---------- Provided data ----------
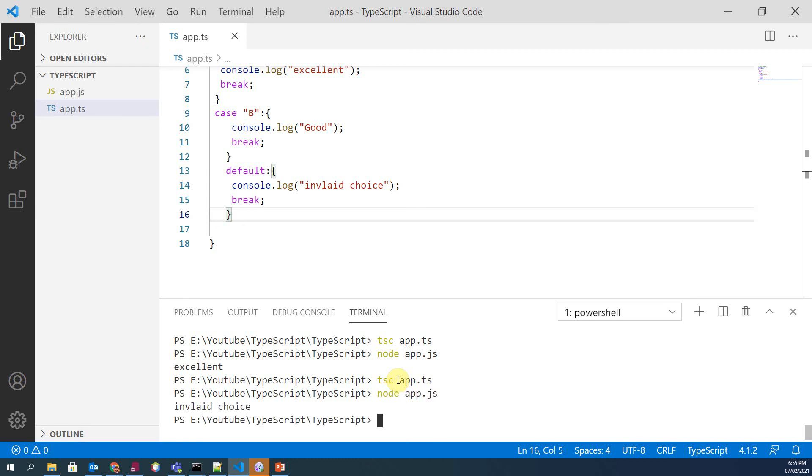So compile your code to see the output and run app.ts. So you can see 'invalid choice' as the output. That's it, it's all about switch statement. Thank you.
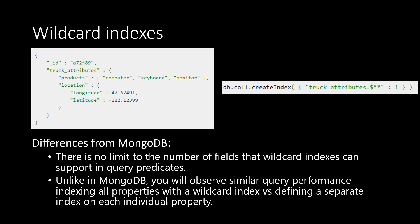With wildcard indexes, you can easily index many fields at once, even if you're unable to enumerate each of them. Unlike in MongoDB, in Cosmos DB, there's no limit to the number of fields that wildcard indexes can support in query predicates.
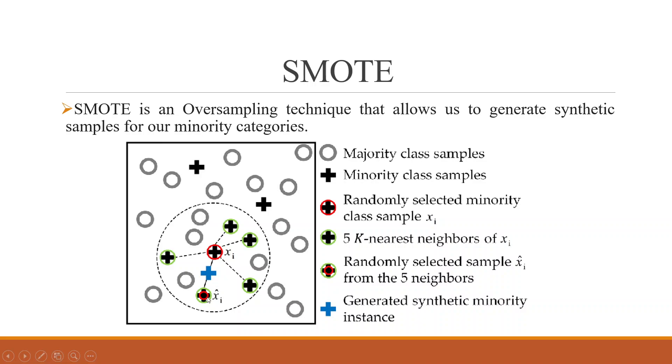And on that basis, it will generate, rather it is known as synthetically, it will generate the dataset. And by this way, we will get more data.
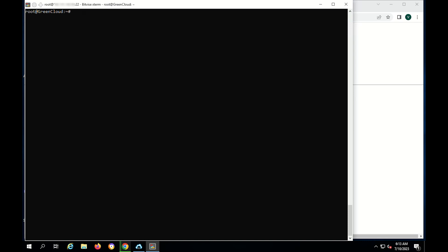For small files, where file ID is the ID of the file you want to download and file name is the name of the file you want to save on your computer.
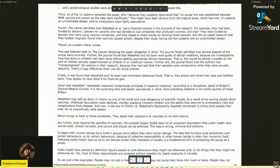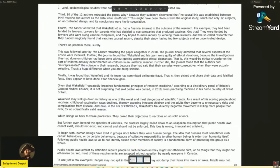She finally returns to the point: 'Which brings us back to those protesters. They base their objections to vaccines on no solid science.' First, she uses the plural 'vaccines' — no, we're talking about a specific one. And obviously, now she's going to talk about why she says that. No. 'But further, even beyond the specifics of the vaccine, the process...' This is an example of just stating your conclusion, restating it. So the protest was bogus for no scientifically legitimate reason — because there's no solid science. She simply restates the proposition without supporting it.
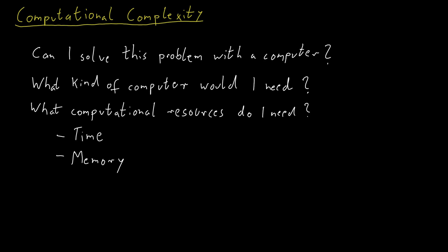Yet another, but maybe less obvious resource would be access to random numbers. If I have access to a source that provides me with random numbers, can I do things that I would be otherwise unable to do?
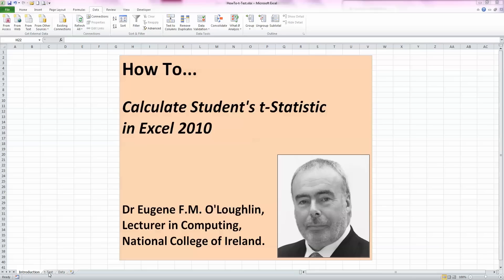Hi everybody, this is Eugene O'Loughlin, lecturer in computing at the National College of Ireland, and welcome to my series of short how-to videos. In this video we're going to learn how to calculate Student's t-statistic in Excel 2010.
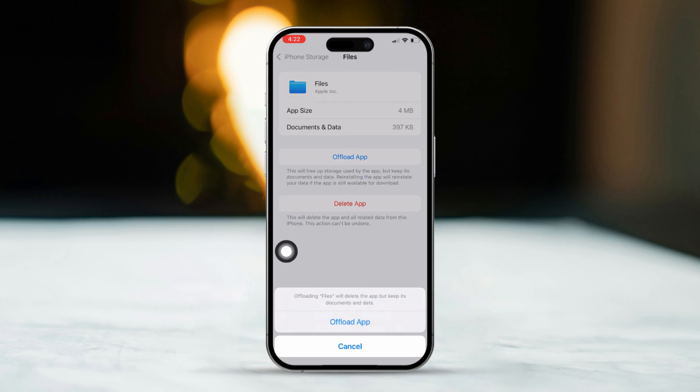Now, tap Reinstall app. After that, restart your iPhone to refresh the settings. Finally, try saving your files again. This should hopefully resolve the issue.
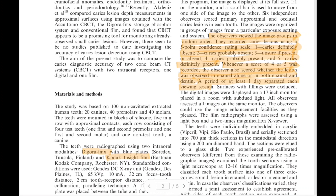Whenever a score of four or five was recorded, the observer also scored whether the lesion was in enamel only or in both enamel and dentin. There was at least one day between viewing sessions — interproximal caries were viewed on one day and occlusal surface caries on another day.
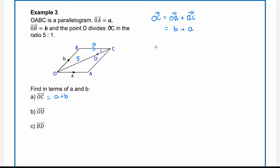For part b, the vector OD. Because OC is broken into six equal parts and OD covers five of them, OD equals five sixths of OC, which is five sixths of (b + a).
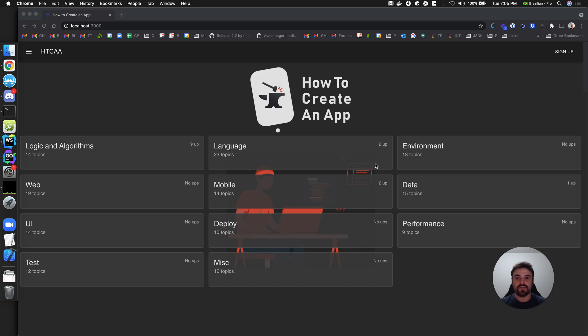Today we are going to see how one single app can receive a request from multiple domains. So let's do it.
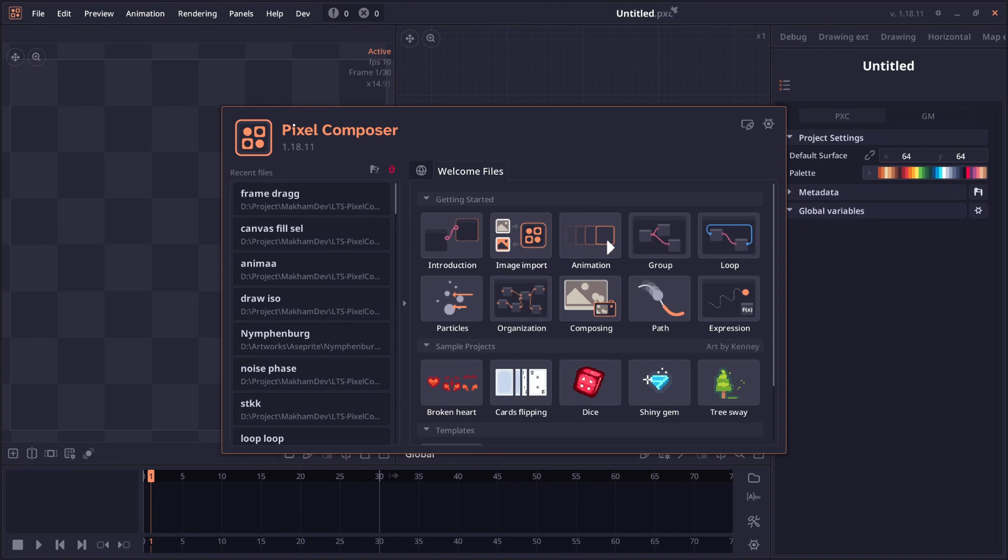Welcome to Pixel Composer 1.18.11. So this version doesn't have a new node. We only have improvement on the already existed feature and a bunch of bug fixes. So let's get through it.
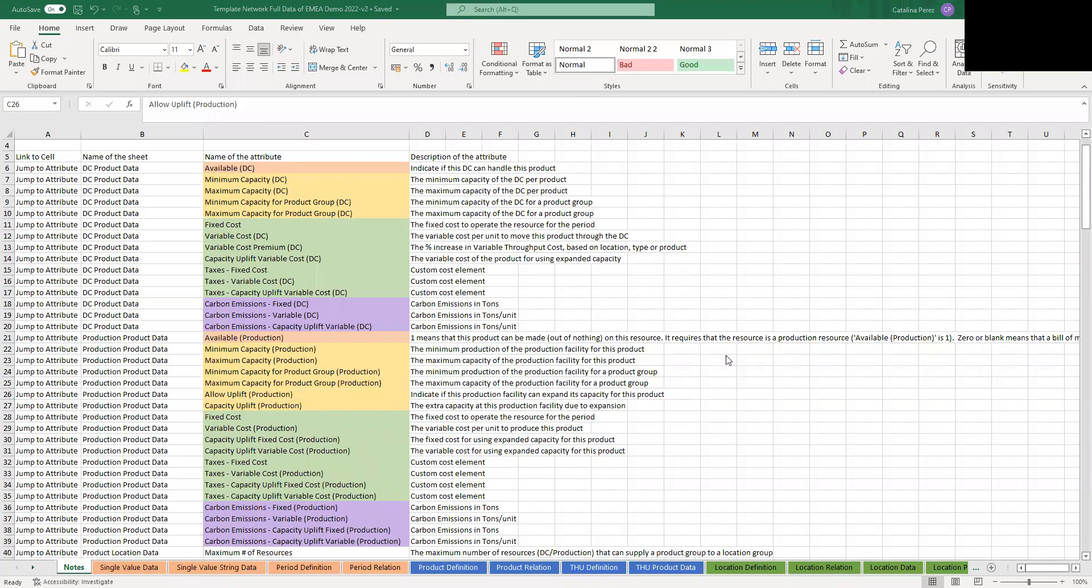There are a few things you should know before starting your first AIMS network design model. Once you've finished going through your configuration wizard in Data Navigator, you'll be able to download a blank Excel template like the one you're seeing right now.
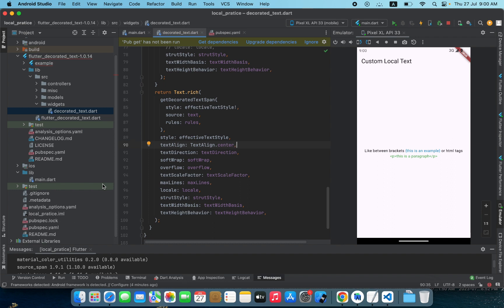That's how you can add and store any package from pub.dev locally into your project and make any change you want — once you have the code, everything is in your hands. Thanks for watching. If you like the video, please subscribe to the channel, click the bell icon, and like the video. Thank you very much, see you in the next tutorial, bye!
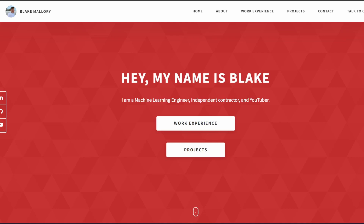Welcome back to my channel. I am currently looking for full-time employment or additional clients for contract work. In my last full-time job I was a machine learning engineer in the area of NLP — natural language processing — for a chatbot startup company.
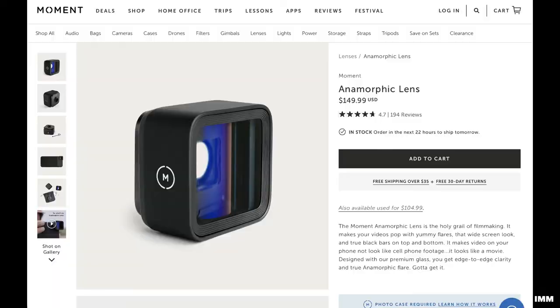Bottom line, this is Moment's most expensive lens, but if you're a serious filmmaker, then it's a no-brainer. You won't be disappointed. And that's the video, everybody. Thank you so much for watching. As always, like, comment, subscribe, ring the bell to get notified every time a new video comes out, and I'll see you in the next one. Thanks.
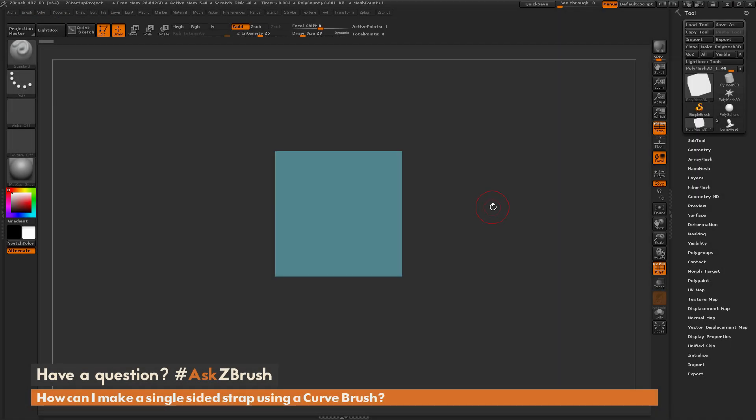This is Joseph Drust, and welcome back to another episode of Ask ZBrush. So we had a question sent in asking, how can I make a single-sided strap using a curve brush?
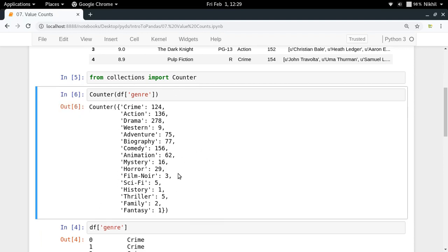So in this way we get a count and as we can see from here the drama movies already have the maximum count in our dataset.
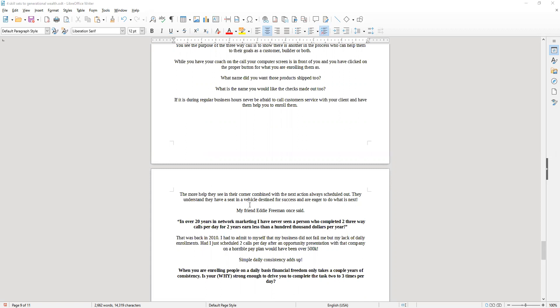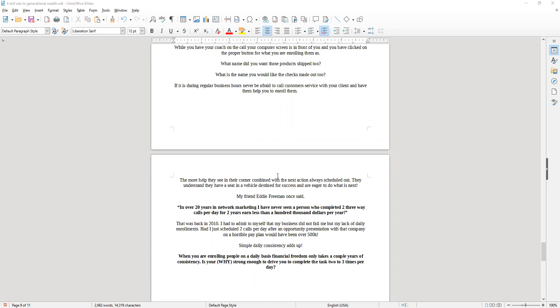My friend Eddie Freeman once said, in over 20 years in network marketing, I've never met a person who completed two three-way calls per day for two years and earned less than a hundred thousand dollars per year. Folks, it's a simple skill set.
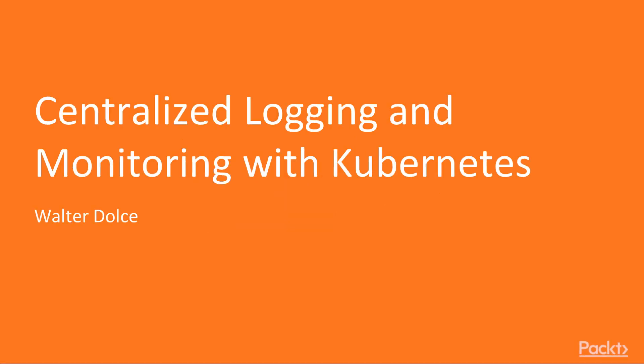Hi, my name is Walter Dolce and welcome to Centralized Logging and Monitoring in Kubernetes.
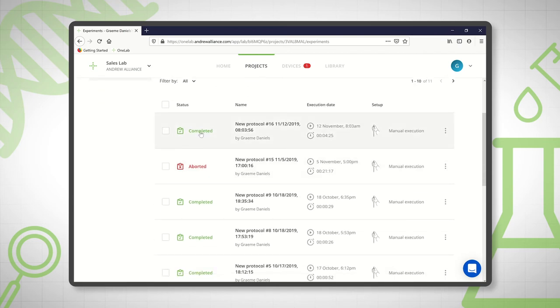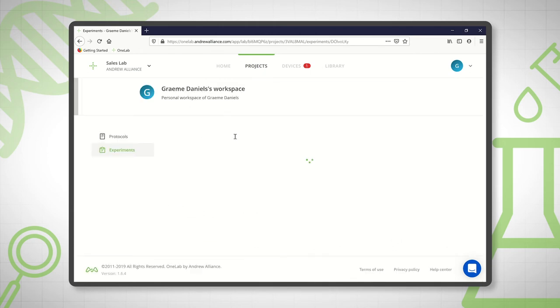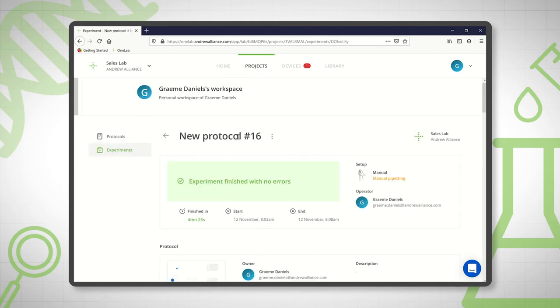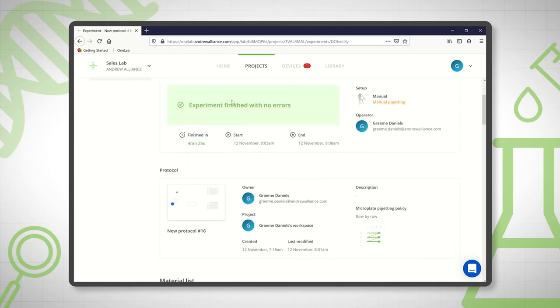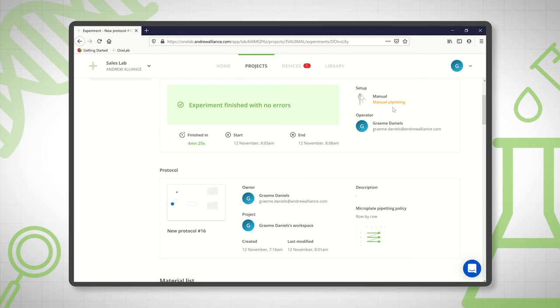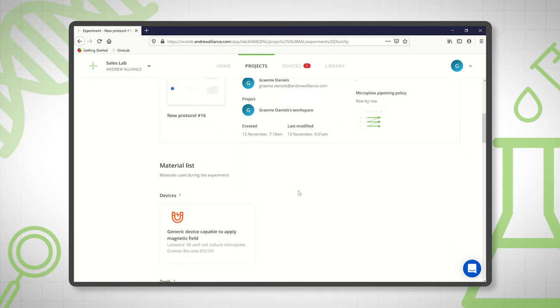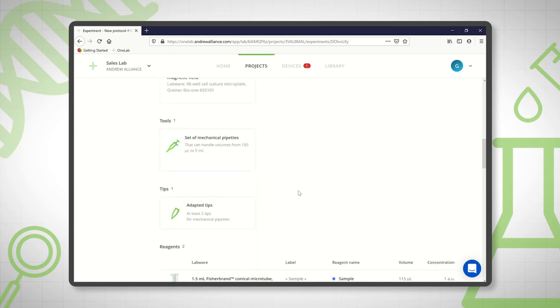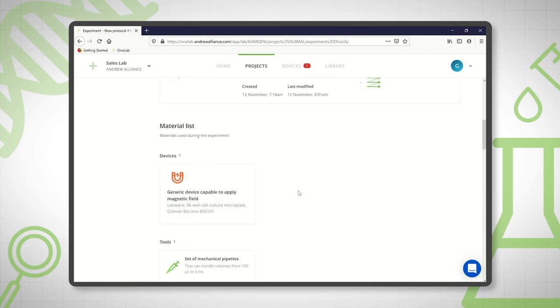If I click on a particular experiment what I then get is the experiment report. So it tells me that it was finished with no errors, how long it took, when it was run, who operated it, what mode it was operated in and then you get the experimental details.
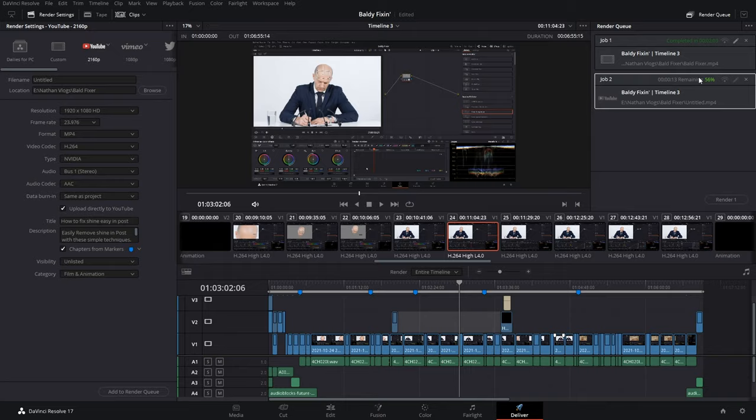With the latest update of DaVinci Resolve, you can now export chapters from your timeline to your renders and upload them directly to YouTube. So, how do you do it?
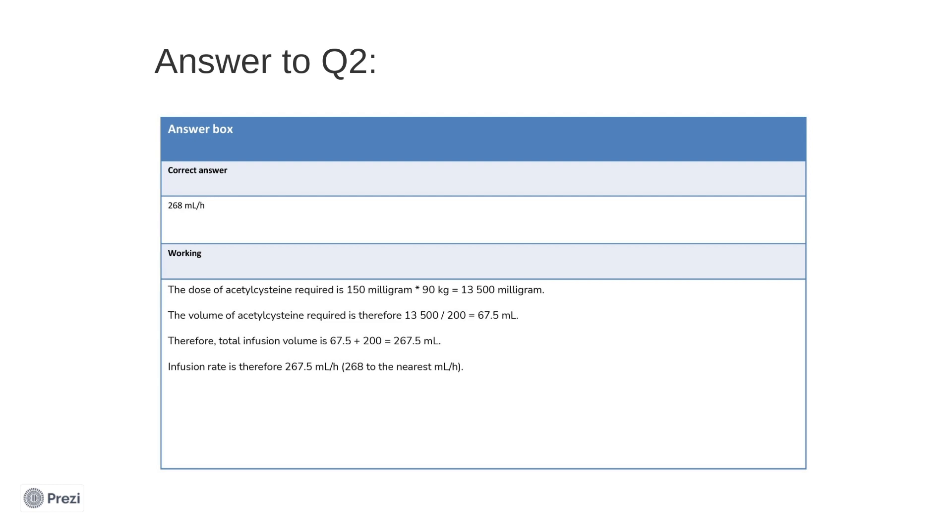This is below the maximum dose that can be administered, so it is safe to continue with this calculated dose. Note that if the patient had been a bit heavier and we had found a dose over 16,500 milligrams, the dose to be given must be reduced to that maximum dose of 16,500 milligrams, as stated in the question. Now that we have the dose, to calculate the infusion rate, we need to consider the volume to administer that will reach this dose. The concentration of the acetylcysteine solution available is 200 milligrams per milliliter. And therefore, the volume required is 13,500 divided by 200, giving a volume of 67.5 milliliters.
----------
**Brief**
Could you repeat exactly the lines from the first one of the records above through the line containing "For small files, where", leaving out any pictures?

**Response to the task**
So compile your code to see the output and run app.ts. So you can see 'invalid choice' as the output. That's it, it's all about switch statement. Thank you.
With wildcard indexes, you can easily index many fields at once, even if you're unable to enumerate each of them. Unlike in MongoDB, in Cosmos DB, there's no limit to the number of fields that wildcard indexes can support in query predicates.
And on that basis, it will generate, rather it is known as synthetically, it will generate the dataset. And by this way, we will get more data.
For small files, where file ID is the ID of the file you want to download and file name is the name of the file you want to save on your computer.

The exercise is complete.